O gerente financeiro da Croplife, associação que reúne 53 empresas do agro, estima que o custo de produção pode subir mais de 10%, caso a tarifação aconteça. “A gente é contra aumento tarifário que leva a aumento de custo. É um pleito que vai deixar os alimentos mais caros para o consumidor e o agricultor com menor rentabilidade para investir”, afirma Renato Gomides.
Indústria nacional x agricultura nacional
As entidades argumentam que a proteção à indústria nacional é importante, mas precisa existir equilíbrio. Para a CNA, a produção nacional interessa desde que o produto seja mais barato do que o importado. “Mas se fosse mais barato, não teria porquê elevar a alíquota de importação”, comenta André Dobeshi, presidente da Comissão de Cereais, Fibras e Oleaginosas da CNA.
Outro item que preocupa é a quantidade necessária de Picoxistrobina para a produção dos fungicidas. Por ano, o Brasil importa dois milhões de toneladas da substância, lembra o gerente da Croplife. “Não existe garantia de que a empresa vai fabricar todo o volume necessário”, destaca Gomides.
A Aprosoja Brasil é mais direta na avaliação. “Daqui a 50 anos, pode ser que ela [Adama] produza 100% do que o Brasil precisa, mas agora serão 5% ou 10%. Para o resto, as empresas terão de continuar importando, e mais caro”, avalia Leonardo Minaré, técnico da Aprosoja Brasil.
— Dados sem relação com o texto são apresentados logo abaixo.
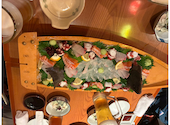 すもう鳥 薬研掘場所: サスケさんの2026年05月29日の1枚目の投稿写真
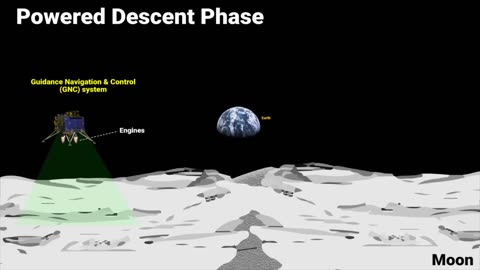 Chandrayaan 3 Update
Qual a saída para o impasse?
O consultor Welber Barral, que já foi secretário de Comércio Exterior do Brasil e atualmente é conselheiro da Fiesp, avalia como delicada a situação, porém natural.
“Quando você tem uma oferta nacional, é comum elevar a tarifa de importação. Mas quando a oferta nacional não é suficiente, aí tem um problema”, pontua Barral, lembrando que a picoxi é uma commodity química e, portanto, tem praticamente o mesmo preço no mundo todo.
Ele vê duas saídas, mas para ambas, o governo precisa ter clareza da capacidade de produção da empresa nacional. A primeira seria não elevar a tarifa e deixar o mercado se acomodar; a segunda, seria estabelecer uma cota de importação para o excedente necessário caso a empresa não produza o volume total da demanda brasileira.
Barral cita que há um mês, o governo brasileiro adotou essa medida com produtos de aço: “Elevou a tarifa, mas manteve a demanda atual livre para permitir maior concorrência”.
O consultor ainda ressalta que a empresa nacional que decidir produzir Picoxistrobina já terá outras vantagens em relação à substância importada, como logística, armazenamento e distribuição. E avalia que o impacto será geral, caso a elevação tarifária seja aprovada.
“Hoje, a produção agrícola é o principal fator de superávit comercial do Brasil, então corre o risco de atrapalhar um setor que está indo muito bem”, conclui Barral.
Confira mais respostas da Adama sobre a Picoxistrobina
Em nota enviada ao Agro Estadão, a Adama afirma que o investimento gera empregos diretos e indiretos, fomenta a cadeia de abastecimento e estimula investimentos secundários em diversos setores, promovendo o desenvolvimento econômico e tecnológico do Brasil, contribuindo para menor dependência do setor agrícola brasileiro de fatores externos.
Sobre a reclamação de aumento nos preços dos produtos, a Adama diz que “o impacto do pleito tarifário de uma única molécula não reflete diretamente no preço do produto formulado para o agricultor, que é regulado pela concorrência e pela disponibilidade de outras soluções de igual valor no mercado, e não diretamente pelos custos de formulação”.